Sábado, fomos à feira. Eu procurava os doces e amiláceos da minha infância: palmas, manzapes, rapaduras, batidas e alfenins. Encontrei-os todos. Fotografei. A máquina, uma “Asahi Pentax” antiga, nada tinha de discreta. Em dado momento um feirante exclamou: “tem turista na feira!” Sorri junto. Minha mulher Heloisa e minha filha Vanessa apreciavam a culinária, as confecções e os produtos de beleza. Encantavam-se com os contrastes. Dos vestidos baratos da feira às roupas e sapatos “de marca“ das lojas e “boutiques”. Fizeram compras. Só na feira. Sacolas pesadas. Rapaduras, “batidas” e alfenins eram os itens preferidos.

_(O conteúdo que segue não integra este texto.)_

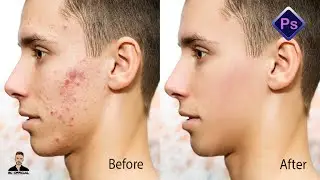 Skin Retouching in Adobe Photoshop CS6 with Healing Brush Tool 2022 |  SU Official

Ainda na feira um moço me perguntou se íamos à Nova Russas. Ofereceu passagens num transporte coletivo. Uma camionete D-20, com a carroceria adaptada para o transporte de passageiros. Bancos simples de madeira. Tábuas serradas. Prático. Trafegam apinhadas. Gente pendurada. A cidade é cheia de motos, o que é comum no interior. Muitas jovens e senhoras pilotando. Às vezes, uma família inteira em cima. O piloto, o filho menor na frente e a esposa na garupa com o nenê no braço.

Subimos o morro do Cristo. Que lindo! Mais de trezentos degraus na branca escadaria que lhe dá acesso. Iluminado à noite, braços abertos, abençoa a cidade. Visão agredida pelas torres de telecomunicação. Fotografamos, como de costume, a vista panorâmica da cidade.

Impressionou-me o rio Jatobá nessa época seco e com as margens cheias de lixo e entulho, pelo menos no trecho que corta a cidade. Os plásticos, lixo abundante de lenta degradação, preocupam os ecologistas do planeta.

Novidades para mim, o Instituto Frota Neto, o Ginásio José de Arimatéia, o novo endereço da Farmácia São José, do saudoso Idálio Frota, na praça central da cidade, também conhecida como “Farmácia da Ruth”. Não encontrei Ruth. Estava em Fortaleza. Encontramos Carlinhos, seu filho, atendendo. A ele entreguei os exemplares do livro “Educação: Insistências e Mutações”, de Marcondes Rosa de Sousa, doação do autor à biblioteca do Instituto Frota Neto. Gentil, prontificou-se a contatar a Lurdite para que, mesmo no domingo, conhecêssemos o interior do instituto. Faltou-nos tempo.

Como sempre, o calor. E à noite, as cadeiras na calçada à frente das residências. As rodas de conversa. Papo animado. Hábito noturno para por os assuntos em dia e refrescar-se à brisa..

O trem ainda passa por Ipueiras. Apenas carga. Leva materiais ao Piauí e ao Maranhão. De lá, do Maranhão, traz, entre outros produtos, alumínio. Menos mal, pois pensei que os trilhos estavam ociosos haja vista ao aspecto ermo da Estação. Minha tia Francisquinha relatou a passagem, não raro, de duas a três composições por noite. Senti saudade do tempo em que o transporte ferroviário de passageiros fazia o charme da viagem à cidade.

Na manhã do dia 19 recebemos no hotel a visita de Dalinha, minha amiga ipueirense da Internet, poetisa e escritora. A musa literária da cidade. Nosso primeiro encontro. O privilégio de conhecê-la pessoalmente! Compartilhamos um tijolo de mamão, aquela rapadura molinha e gostosa.

Faltava enfim o acontecimento mor do dia 19, marcado para o final da tarde: as Bodas de Ouro de seu Zeca Frosino e D.Maria. Viéramos de Brasília preparados para a festa, a convite dos filhos de seu Zeca, amigos nossos que também moram na capital. Mas esse episódio fica para o terceiro capítulo.

Nada como um forró no melhor estilo do “Corte Branco”, o clube do seu Zeca.